Data below
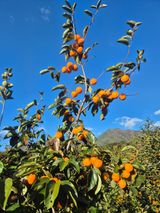 팜모닝 · 게시글 이미지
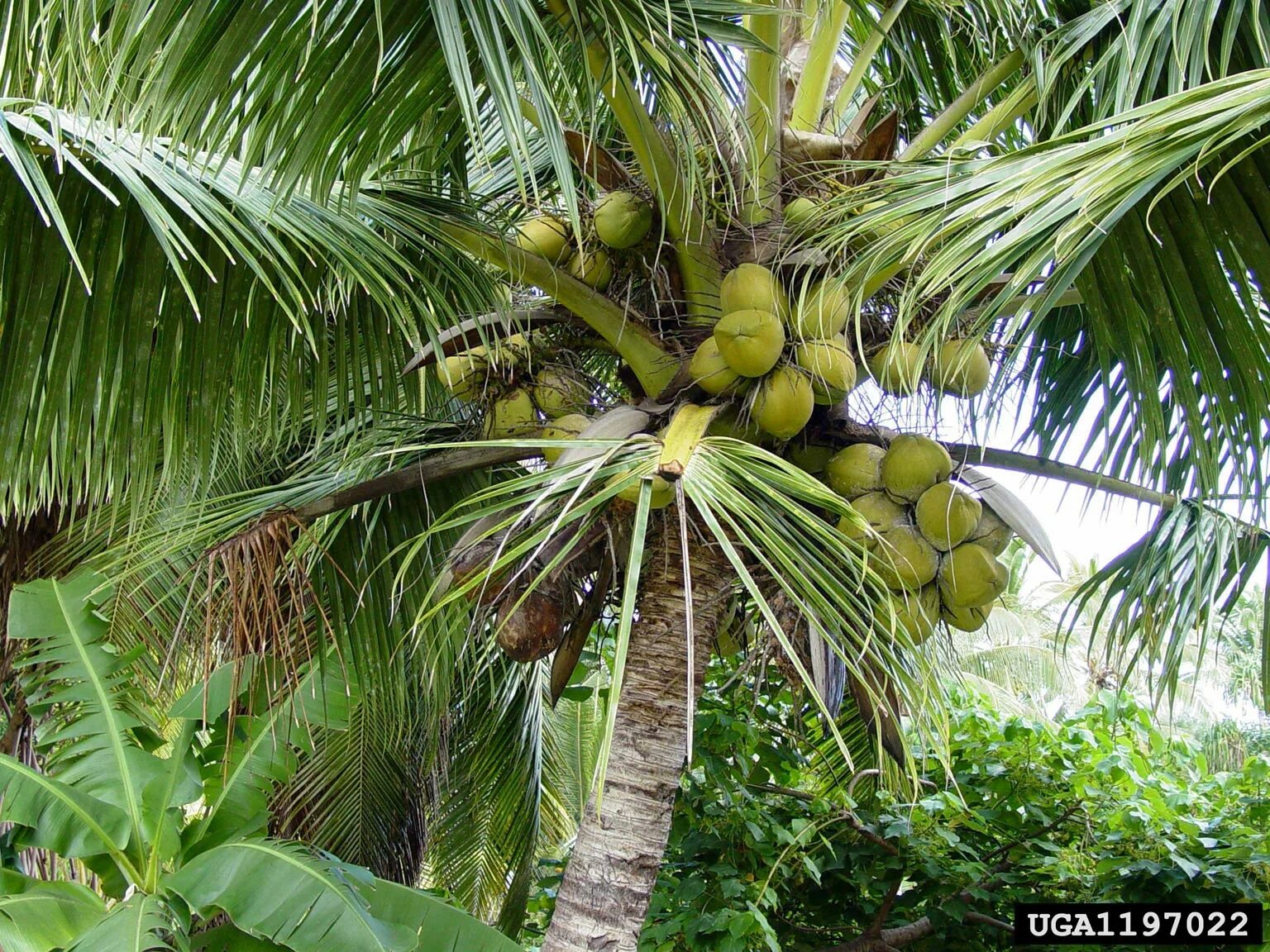 Coconut перевод на русский. Пальма Кокос орехоносный. Дуриановая Пальма. Кокосовая Пальма верхушечная Пальма. Семена пальмы кокоса.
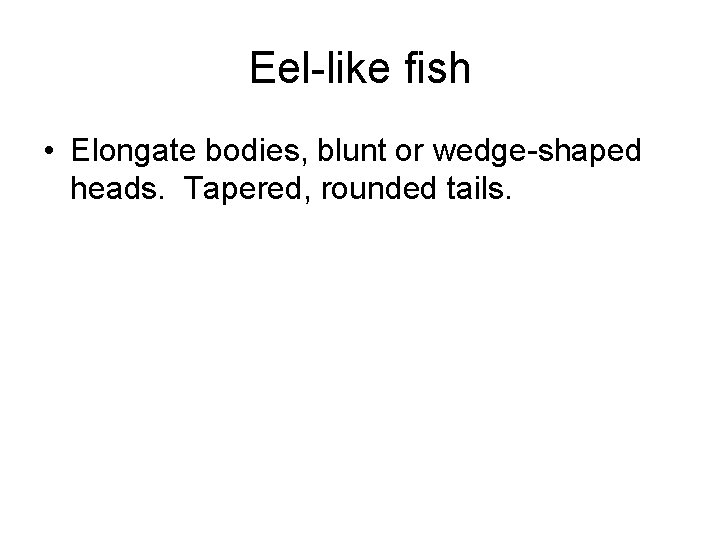 Eel-like fish • Elongate bodies, blunt or wedge-shaped heads. Tapered, rounded tails. 
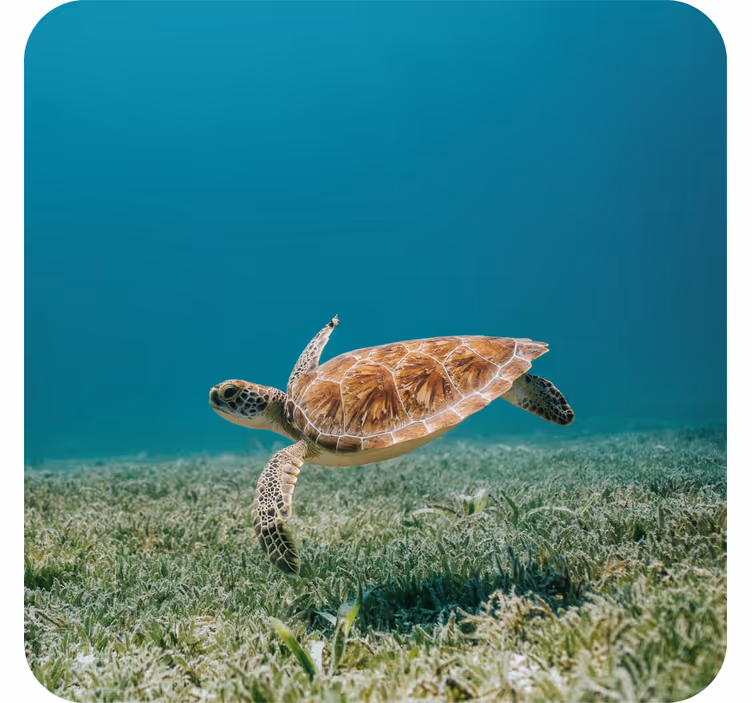 Moderne onderzetters zwemmende zeeschildpad - TenStickers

Exercise requirements
With images left out, the data must be transcribed exactly.

Task solution
 팜모닝 · 게시글 이미지
 Coconut перевод на русский. Пальма Кокос орехоносный. Дуриановая Пальма. Кокосовая Пальма верхушечная Пальма. Семена пальмы кокоса.
 Eel-like fish • Elongate bodies, blunt or wedge-shaped heads. Tapered, rounded tails. 
 Moderne onderzetters zwemmende zeeschildpad - TenStickers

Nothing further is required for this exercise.